Exercise:
What are the lines below, starting at the line containing "Yes, it's now" and ending at the line containing "Okay, so this"? Write them out exactly, ends included, without pictures.

Records for this exercise:
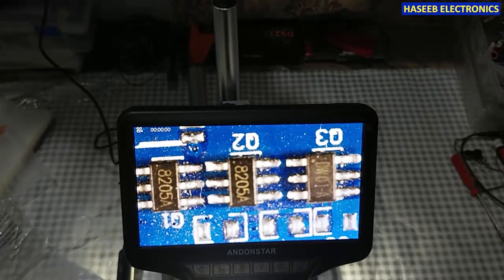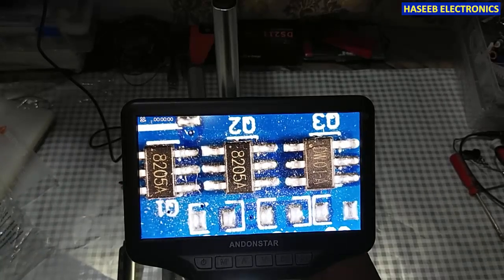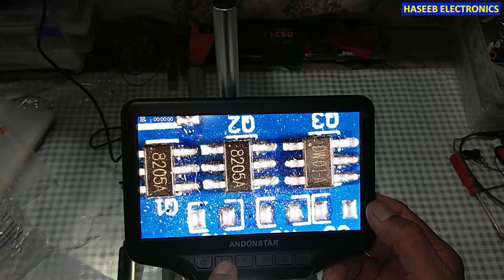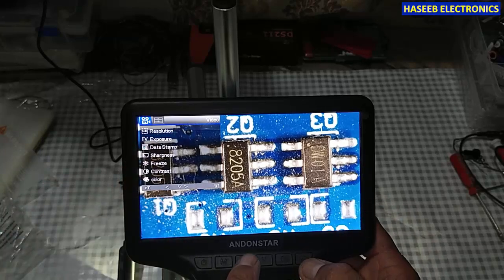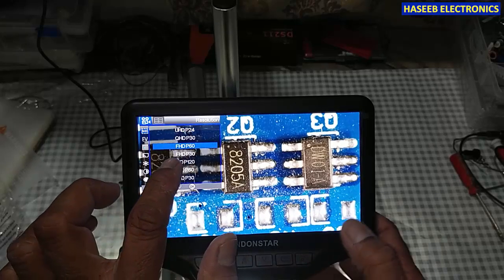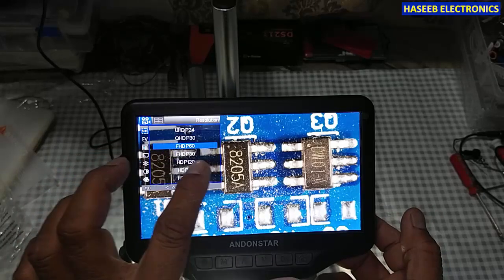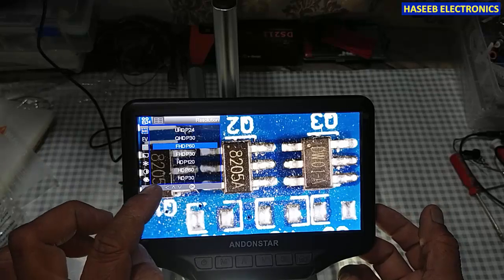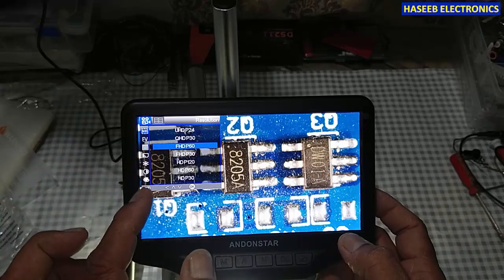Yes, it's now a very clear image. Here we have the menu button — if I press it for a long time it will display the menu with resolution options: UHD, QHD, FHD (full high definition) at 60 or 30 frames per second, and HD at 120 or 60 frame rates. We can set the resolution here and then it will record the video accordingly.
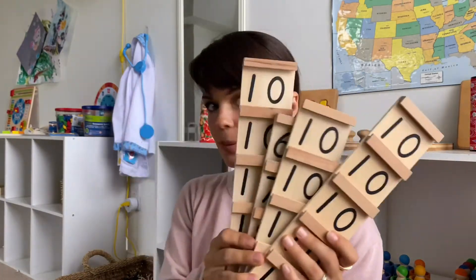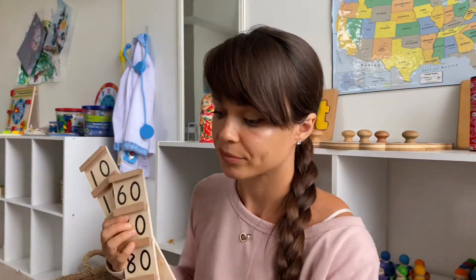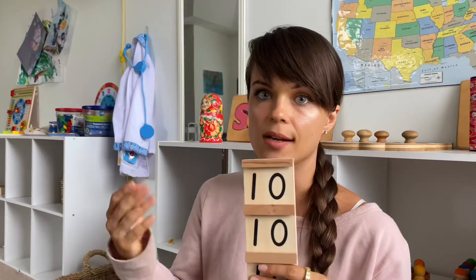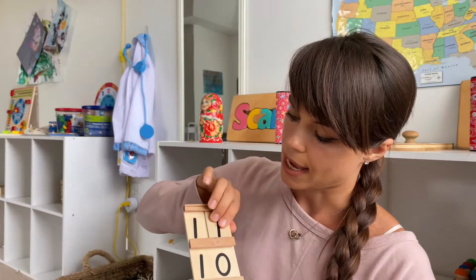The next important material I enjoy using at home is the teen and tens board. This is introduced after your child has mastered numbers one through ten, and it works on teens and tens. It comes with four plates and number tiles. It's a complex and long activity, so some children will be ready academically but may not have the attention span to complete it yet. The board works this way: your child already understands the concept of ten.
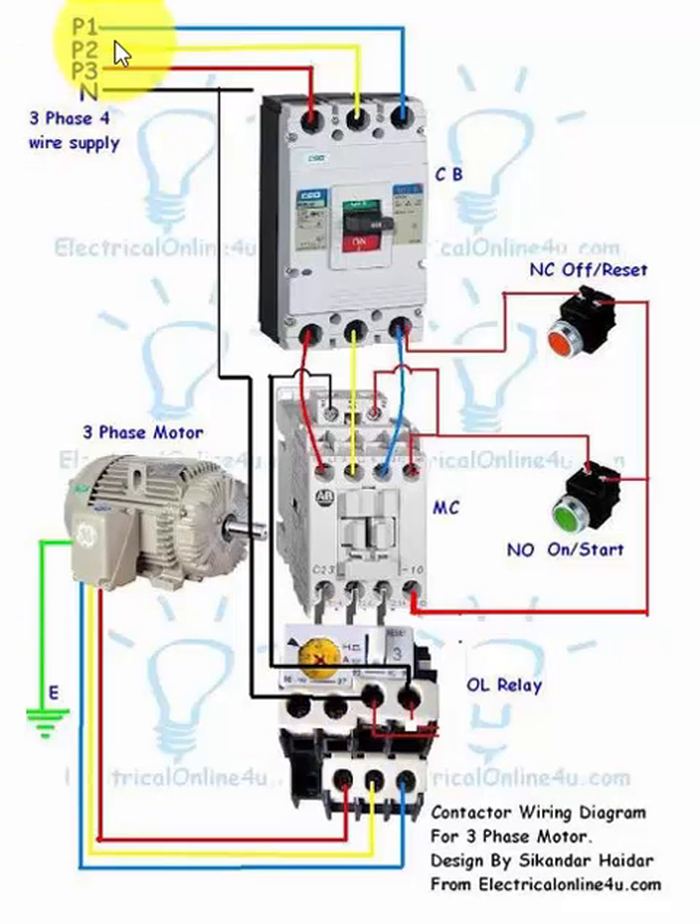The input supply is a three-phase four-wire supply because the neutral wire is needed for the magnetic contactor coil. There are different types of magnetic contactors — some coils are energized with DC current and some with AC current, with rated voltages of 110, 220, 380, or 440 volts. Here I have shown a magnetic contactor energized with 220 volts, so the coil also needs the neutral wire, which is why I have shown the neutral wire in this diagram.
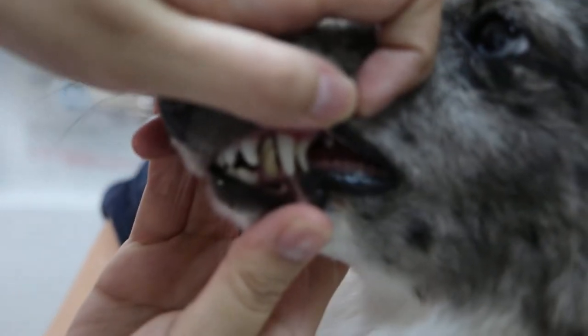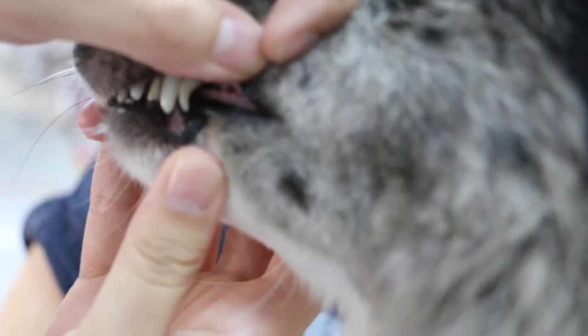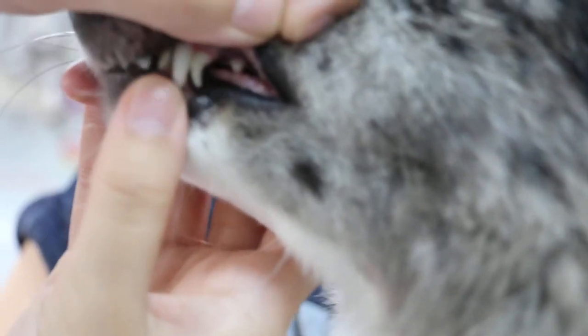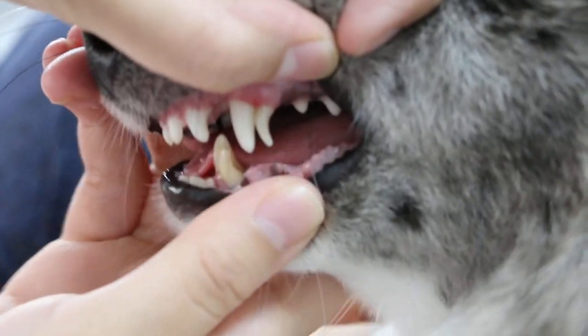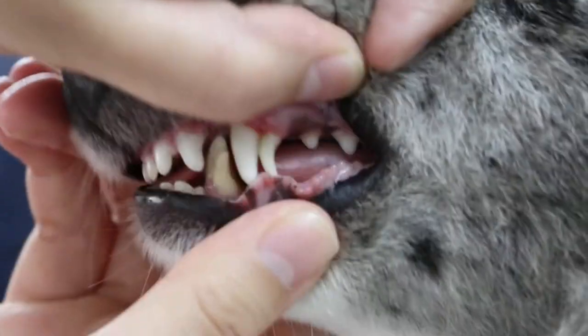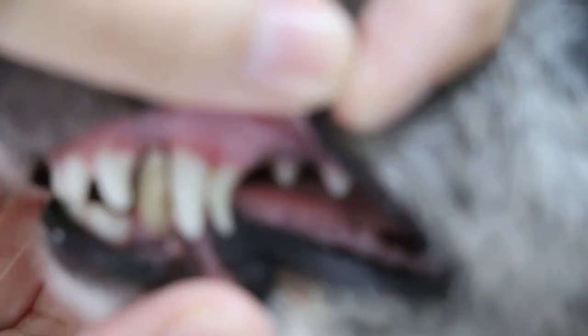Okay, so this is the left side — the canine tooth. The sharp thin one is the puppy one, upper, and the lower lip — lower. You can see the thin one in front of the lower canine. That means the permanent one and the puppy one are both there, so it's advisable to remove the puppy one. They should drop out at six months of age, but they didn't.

---

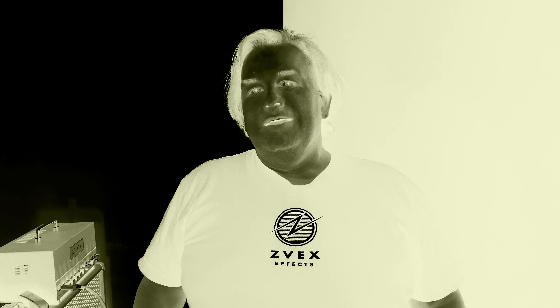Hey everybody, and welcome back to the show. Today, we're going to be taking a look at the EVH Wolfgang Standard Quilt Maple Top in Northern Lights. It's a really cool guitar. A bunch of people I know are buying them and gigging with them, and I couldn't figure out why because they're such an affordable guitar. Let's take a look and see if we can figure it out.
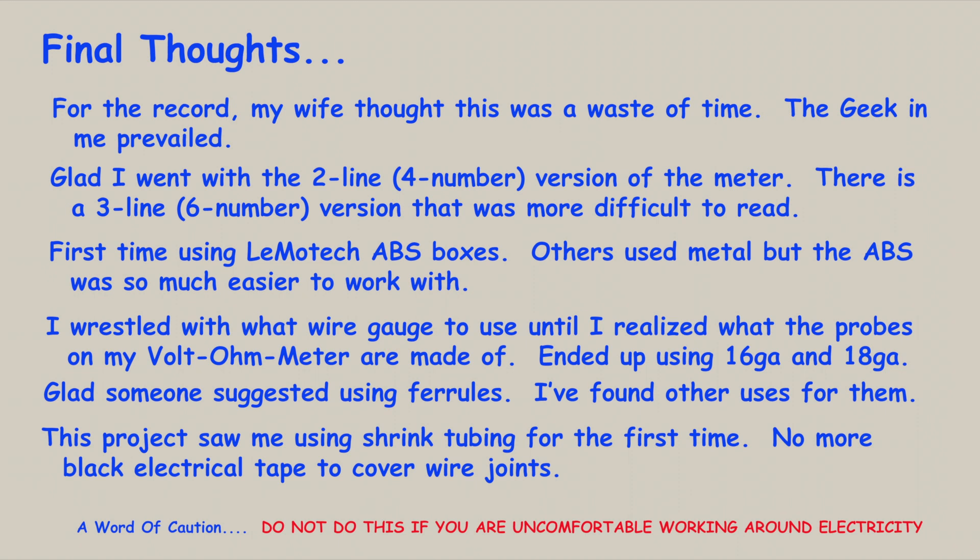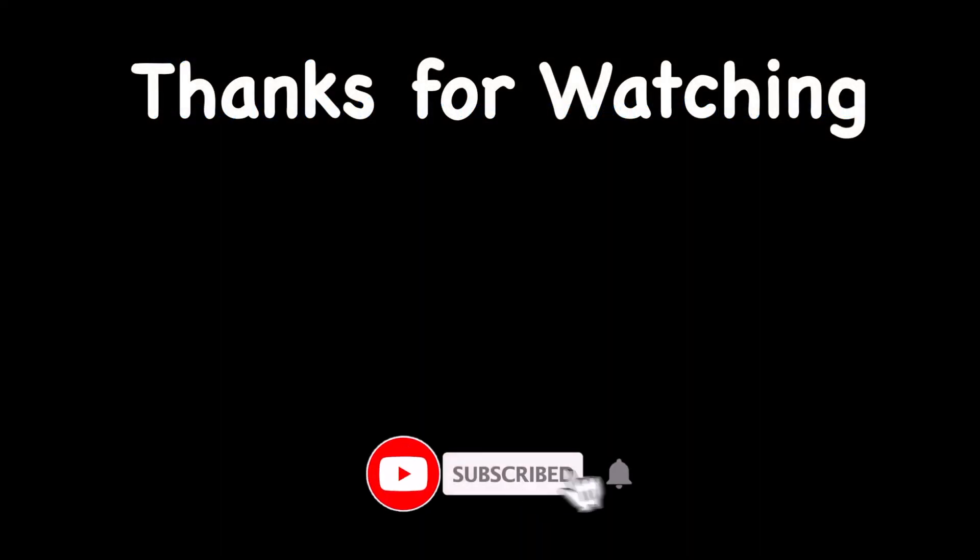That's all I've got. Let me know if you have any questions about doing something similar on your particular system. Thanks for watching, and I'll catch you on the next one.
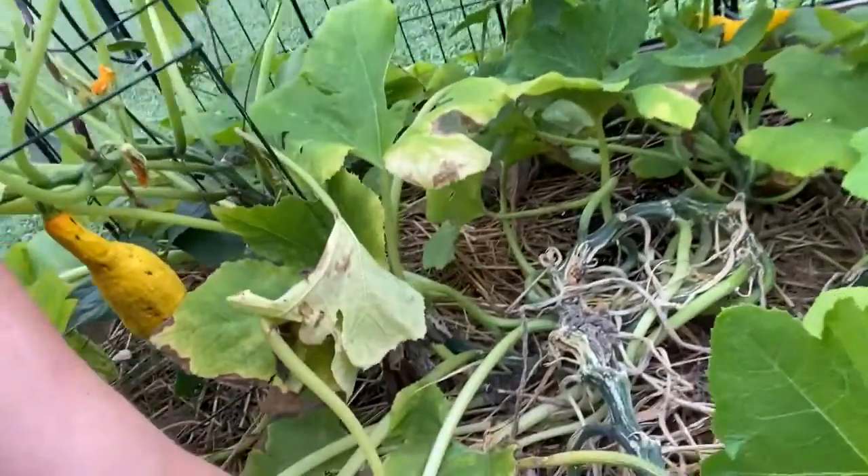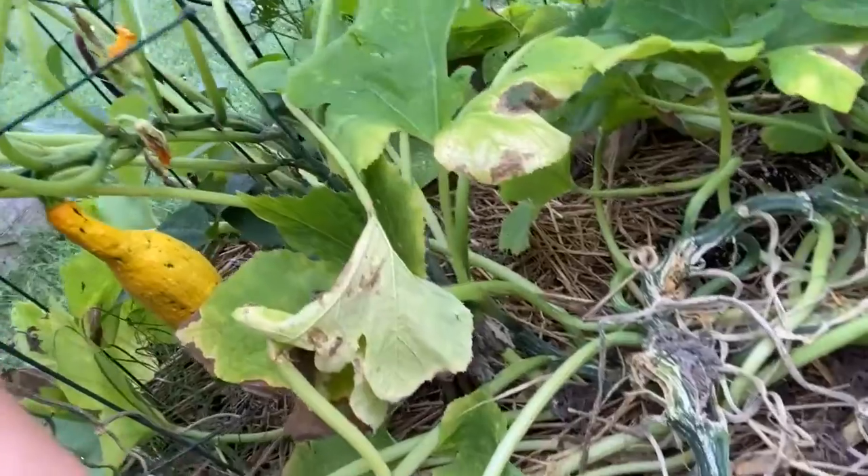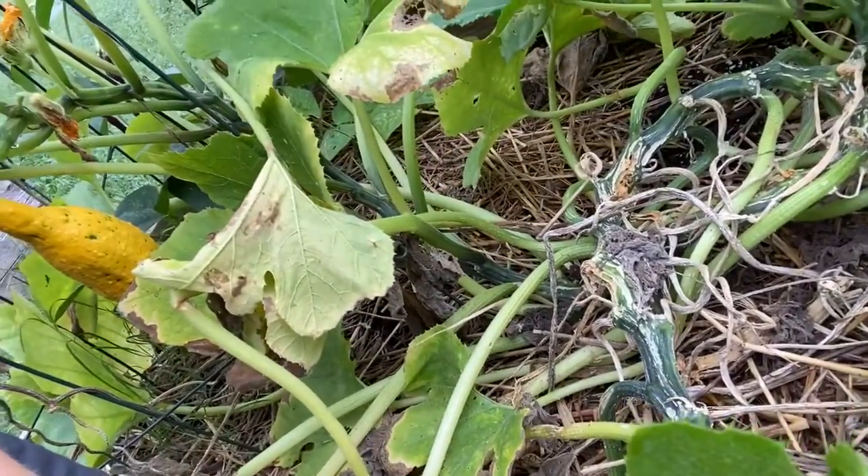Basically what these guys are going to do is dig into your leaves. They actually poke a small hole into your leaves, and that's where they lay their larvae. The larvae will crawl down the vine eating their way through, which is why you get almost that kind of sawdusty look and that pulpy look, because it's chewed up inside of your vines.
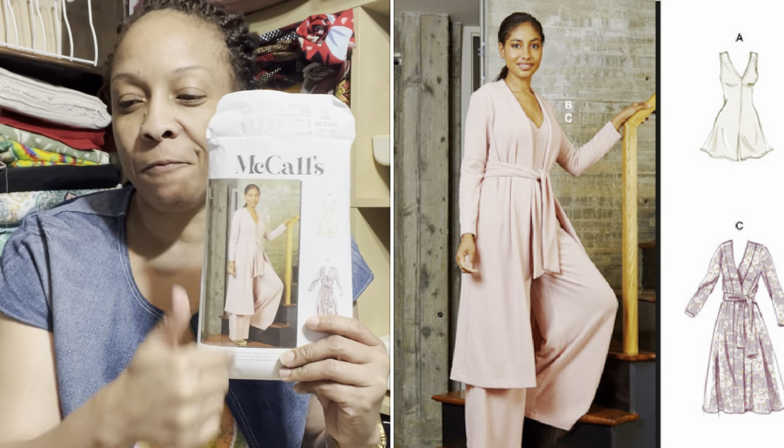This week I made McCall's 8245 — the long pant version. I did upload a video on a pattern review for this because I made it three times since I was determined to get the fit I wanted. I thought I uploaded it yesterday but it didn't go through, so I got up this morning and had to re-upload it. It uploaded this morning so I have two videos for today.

Your solution:
Yes, it's now a very clear image. Here we have the menu button — if I press it for a long time it will display the menu with resolution options: UHD, QHD, FHD (full high definition) at 60 or 30 frames per second, and HD at 120 or 60 frame rates. We can set the resolution here and then it will record the video accordingly.
The next important material I enjoy using at home is the teen and tens board. This is introduced after your child has mastered numbers one through ten, and it works on teens and tens. It comes with four plates and number tiles. It's a complex and long activity, so some children will be ready academically but may not have the attention span to complete it yet. The board works this way: your child already understands the concept of ten.
The input supply is a three-phase four-wire supply because the neutral wire is needed for the magnetic contactor coil. There are different types of magnetic contactors — some coils are energized with DC current and some with AC current, with rated voltages of 110, 220, 380, or 440 volts. Here I have shown a magnetic contactor energized with 220 volts, so the coil also needs the neutral wire, which is why I have shown the neutral wire in this diagram.
Okay, so this is the left side — the canine tooth. The sharp thin one is the puppy one, upper, and the lower lip — lower. You can see the thin one in front of the lower canine. That means the permanent one and the puppy one are both there, so it's advisable to remove the puppy one. They should drop out at six months of age, but they didn't.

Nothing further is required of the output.